# Question Video: Determining the Ratio of Current Going through Different Resistors in a Parallel Circuit Physics • 9th Grade

Which of the following graphs represents the ratio of the current going through resistors A, B, and C in the given figure? [A] Graph A [B] Graph B [C] Graph C [D] Graph D

03:06

### Video Transcript

Which of the following graphs represents the ratio of the current going through resistors A, B, and C in the given figure? Graph (A), graph (B), graph (C), or graph (D).

To work out the ratio of the currents going through each resistor, we need to recall how the current splits across each parallel path. The total current in a circuit with parallel components is given by the rule 𝐼 total equals 𝐼 one plus 𝐼 two plus 𝐼 three and so on. That is, the total current splits along all the parallel branches. In this question, we have three different branches A, B, and C, so this rule becomes 𝐼 total equals 𝐼 A plus 𝐼 B plus 𝐼 C.

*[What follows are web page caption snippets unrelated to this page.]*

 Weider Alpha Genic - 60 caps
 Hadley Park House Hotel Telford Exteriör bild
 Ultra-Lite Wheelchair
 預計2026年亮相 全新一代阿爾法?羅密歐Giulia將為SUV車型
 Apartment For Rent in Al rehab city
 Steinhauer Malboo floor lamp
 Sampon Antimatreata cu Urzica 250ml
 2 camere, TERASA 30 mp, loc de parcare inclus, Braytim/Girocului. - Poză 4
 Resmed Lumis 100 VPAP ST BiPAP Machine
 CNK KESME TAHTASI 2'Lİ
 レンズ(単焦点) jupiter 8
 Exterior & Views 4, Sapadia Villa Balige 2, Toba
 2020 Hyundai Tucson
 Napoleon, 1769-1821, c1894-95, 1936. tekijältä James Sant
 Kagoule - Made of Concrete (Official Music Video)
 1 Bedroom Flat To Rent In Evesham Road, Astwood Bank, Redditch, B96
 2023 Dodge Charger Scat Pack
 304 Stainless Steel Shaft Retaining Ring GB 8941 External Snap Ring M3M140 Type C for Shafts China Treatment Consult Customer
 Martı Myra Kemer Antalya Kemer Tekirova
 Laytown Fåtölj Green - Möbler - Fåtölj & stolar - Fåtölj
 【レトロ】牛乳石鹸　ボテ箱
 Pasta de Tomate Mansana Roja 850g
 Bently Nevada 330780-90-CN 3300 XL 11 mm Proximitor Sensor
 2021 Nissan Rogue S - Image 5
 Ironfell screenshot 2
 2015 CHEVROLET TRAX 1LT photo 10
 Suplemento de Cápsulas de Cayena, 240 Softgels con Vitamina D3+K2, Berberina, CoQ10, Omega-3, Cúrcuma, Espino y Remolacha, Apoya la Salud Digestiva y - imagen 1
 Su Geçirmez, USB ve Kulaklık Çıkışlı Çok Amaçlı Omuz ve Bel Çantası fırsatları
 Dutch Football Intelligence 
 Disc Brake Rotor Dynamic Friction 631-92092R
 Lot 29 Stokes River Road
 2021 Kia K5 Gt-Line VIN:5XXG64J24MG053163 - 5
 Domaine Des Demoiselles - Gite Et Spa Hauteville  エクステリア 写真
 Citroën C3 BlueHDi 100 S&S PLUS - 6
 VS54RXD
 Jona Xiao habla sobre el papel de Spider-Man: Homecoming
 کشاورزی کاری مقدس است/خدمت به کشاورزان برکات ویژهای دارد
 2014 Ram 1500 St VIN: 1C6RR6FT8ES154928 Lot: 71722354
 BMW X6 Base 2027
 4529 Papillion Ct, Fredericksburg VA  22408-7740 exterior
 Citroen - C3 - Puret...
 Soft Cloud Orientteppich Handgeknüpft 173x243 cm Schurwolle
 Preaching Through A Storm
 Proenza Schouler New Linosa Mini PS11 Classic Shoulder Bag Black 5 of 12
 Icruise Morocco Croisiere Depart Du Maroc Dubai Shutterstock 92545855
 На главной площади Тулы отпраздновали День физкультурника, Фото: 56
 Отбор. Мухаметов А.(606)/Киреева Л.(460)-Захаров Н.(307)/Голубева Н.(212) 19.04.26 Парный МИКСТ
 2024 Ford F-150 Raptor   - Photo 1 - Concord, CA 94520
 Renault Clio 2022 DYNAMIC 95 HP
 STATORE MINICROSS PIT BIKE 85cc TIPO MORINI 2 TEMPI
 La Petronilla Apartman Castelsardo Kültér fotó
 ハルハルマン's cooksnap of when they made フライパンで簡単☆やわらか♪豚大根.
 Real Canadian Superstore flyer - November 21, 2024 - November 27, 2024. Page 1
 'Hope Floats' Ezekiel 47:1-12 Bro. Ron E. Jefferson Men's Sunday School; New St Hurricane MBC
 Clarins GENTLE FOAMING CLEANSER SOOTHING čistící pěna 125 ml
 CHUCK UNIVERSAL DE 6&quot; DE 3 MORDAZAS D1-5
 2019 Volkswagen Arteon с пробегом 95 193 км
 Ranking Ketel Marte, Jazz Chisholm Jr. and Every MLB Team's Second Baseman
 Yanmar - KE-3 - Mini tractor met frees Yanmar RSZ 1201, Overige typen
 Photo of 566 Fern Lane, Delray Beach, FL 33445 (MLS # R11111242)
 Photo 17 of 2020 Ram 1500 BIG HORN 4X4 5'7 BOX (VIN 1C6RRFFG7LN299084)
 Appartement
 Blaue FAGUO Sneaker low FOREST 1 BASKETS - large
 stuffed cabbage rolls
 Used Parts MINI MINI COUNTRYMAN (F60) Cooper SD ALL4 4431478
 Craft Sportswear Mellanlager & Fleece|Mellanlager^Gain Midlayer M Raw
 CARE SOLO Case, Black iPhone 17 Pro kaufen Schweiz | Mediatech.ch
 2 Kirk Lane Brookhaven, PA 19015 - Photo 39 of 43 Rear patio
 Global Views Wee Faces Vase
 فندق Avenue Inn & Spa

We can also recall that the potential difference across each branch of a parallel circuit is the same, so 𝑉 A equals 𝑉 B equals 𝑉 C. That is, the potential difference across each of these three resistors is the same. Since the three potential differences are the same, we will say that the potential difference across each branch is equal to 𝑉. So we know about the current and the potential difference for each parallel branch. We’re also given the resistances for each resistor. Resistor A has resistance two 𝑅, resistor B has resistance three 𝑅, and resistor C has resistance 𝑅.

We can now use Ohm’s law along each path to work out the currents in each path and then compare the currents to see which of the graphs correctly represents the ratio of the current going through the resistors. Ohm’s law can be written as 𝑉 equals 𝐼 times 𝑅, where 𝑉 is the potential difference, 𝐼 is the current, and 𝑅 is the resistance.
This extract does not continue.